**SOURCE DATA:**
☆ ☆ ☆ ☆ ☆
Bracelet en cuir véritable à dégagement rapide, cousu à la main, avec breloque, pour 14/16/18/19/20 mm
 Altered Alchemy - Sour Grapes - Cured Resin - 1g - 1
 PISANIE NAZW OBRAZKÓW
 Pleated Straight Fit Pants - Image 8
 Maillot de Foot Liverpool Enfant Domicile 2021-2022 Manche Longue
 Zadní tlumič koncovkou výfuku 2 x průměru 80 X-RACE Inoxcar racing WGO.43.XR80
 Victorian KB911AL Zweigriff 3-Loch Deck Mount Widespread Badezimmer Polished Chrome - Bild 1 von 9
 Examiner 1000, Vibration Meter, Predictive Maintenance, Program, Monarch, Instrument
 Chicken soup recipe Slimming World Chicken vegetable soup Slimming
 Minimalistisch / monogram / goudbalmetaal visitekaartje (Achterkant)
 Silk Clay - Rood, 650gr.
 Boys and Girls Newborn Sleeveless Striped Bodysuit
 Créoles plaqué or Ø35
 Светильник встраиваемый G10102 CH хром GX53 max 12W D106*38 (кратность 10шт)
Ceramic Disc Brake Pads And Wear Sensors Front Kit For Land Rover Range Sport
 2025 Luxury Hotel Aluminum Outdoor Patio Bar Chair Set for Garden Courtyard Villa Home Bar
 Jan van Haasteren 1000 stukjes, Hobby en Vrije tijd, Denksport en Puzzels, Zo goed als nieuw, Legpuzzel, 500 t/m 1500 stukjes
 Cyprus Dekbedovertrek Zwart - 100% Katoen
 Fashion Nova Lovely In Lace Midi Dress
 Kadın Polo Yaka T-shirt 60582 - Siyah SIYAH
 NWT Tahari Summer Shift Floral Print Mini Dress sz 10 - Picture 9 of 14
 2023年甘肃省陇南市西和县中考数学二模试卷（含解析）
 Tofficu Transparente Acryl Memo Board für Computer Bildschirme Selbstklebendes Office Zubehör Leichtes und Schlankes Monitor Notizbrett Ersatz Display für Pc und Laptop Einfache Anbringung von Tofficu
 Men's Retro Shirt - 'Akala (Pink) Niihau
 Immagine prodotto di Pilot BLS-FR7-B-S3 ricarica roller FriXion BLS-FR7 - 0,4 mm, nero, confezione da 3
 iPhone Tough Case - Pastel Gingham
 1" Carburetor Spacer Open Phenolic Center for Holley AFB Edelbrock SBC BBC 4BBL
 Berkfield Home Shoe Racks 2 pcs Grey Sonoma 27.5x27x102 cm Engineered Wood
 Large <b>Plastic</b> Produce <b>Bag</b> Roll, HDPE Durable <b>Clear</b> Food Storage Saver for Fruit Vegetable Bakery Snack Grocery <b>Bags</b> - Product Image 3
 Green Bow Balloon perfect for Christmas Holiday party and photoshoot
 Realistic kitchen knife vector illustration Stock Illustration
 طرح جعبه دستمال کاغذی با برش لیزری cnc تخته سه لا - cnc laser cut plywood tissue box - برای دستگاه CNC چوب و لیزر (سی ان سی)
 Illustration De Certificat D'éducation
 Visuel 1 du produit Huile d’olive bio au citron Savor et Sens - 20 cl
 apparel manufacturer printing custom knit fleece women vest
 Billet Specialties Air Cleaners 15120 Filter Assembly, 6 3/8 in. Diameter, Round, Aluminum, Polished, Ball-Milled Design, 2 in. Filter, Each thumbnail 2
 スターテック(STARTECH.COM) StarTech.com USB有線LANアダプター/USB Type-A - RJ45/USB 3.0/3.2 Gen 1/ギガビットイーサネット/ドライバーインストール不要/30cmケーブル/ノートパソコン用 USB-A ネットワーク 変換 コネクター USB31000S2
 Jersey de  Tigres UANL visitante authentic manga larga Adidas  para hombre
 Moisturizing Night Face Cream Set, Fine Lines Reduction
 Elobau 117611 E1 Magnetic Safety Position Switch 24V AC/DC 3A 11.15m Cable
☆ ☆ ☆ ☆ ☆
**THE PROBLEM:** Could you report how many lines of the listing contain the word "Home"? Only the number is needed.

**EXERCISE RESPONSE:** 2